Data extracted from a collection:
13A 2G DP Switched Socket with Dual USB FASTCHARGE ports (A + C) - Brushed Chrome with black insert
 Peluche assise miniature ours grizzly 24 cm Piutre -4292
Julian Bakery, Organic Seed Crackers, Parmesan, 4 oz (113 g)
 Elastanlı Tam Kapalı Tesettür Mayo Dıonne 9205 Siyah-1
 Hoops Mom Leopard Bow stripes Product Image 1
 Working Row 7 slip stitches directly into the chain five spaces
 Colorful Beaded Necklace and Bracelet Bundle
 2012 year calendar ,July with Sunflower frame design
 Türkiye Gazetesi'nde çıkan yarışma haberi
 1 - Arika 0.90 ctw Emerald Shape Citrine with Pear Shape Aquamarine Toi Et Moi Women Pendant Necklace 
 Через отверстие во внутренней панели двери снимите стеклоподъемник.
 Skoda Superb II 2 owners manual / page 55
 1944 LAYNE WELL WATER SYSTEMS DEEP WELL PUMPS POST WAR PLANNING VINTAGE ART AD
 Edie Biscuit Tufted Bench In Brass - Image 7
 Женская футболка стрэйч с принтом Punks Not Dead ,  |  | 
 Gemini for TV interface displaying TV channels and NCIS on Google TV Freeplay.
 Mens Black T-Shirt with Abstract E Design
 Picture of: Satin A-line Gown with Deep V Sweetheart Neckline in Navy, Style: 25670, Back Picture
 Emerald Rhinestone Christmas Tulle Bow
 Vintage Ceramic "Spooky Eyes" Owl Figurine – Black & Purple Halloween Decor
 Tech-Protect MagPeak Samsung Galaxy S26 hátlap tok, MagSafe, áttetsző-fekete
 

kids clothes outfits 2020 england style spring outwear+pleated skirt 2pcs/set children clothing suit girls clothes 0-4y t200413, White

* **What the exercise asks**
Return only the part of the records above that opens with the line containing "2012 year calendar" and closes with the line containing "Женская футболка стрэйч", ends included.

* **Solution**
 2012 year calendar ,July with Sunflower frame design
 Türkiye Gazetesi'nde çıkan yarışma haberi
 1 - Arika 0.90 ctw Emerald Shape Citrine with Pear Shape Aquamarine Toi Et Moi Women Pendant Necklace 
 Через отверстие во внутренней панели двери снимите стеклоподъемник.
 Skoda Superb II 2 owners manual / page 55
 1944 LAYNE WELL WATER SYSTEMS DEEP WELL PUMPS POST WAR PLANNING VINTAGE ART AD
 Edie Biscuit Tufted Bench In Brass - Image 7
 Женская футболка стрэйч с принтом Punks Not Dead ,  |  | 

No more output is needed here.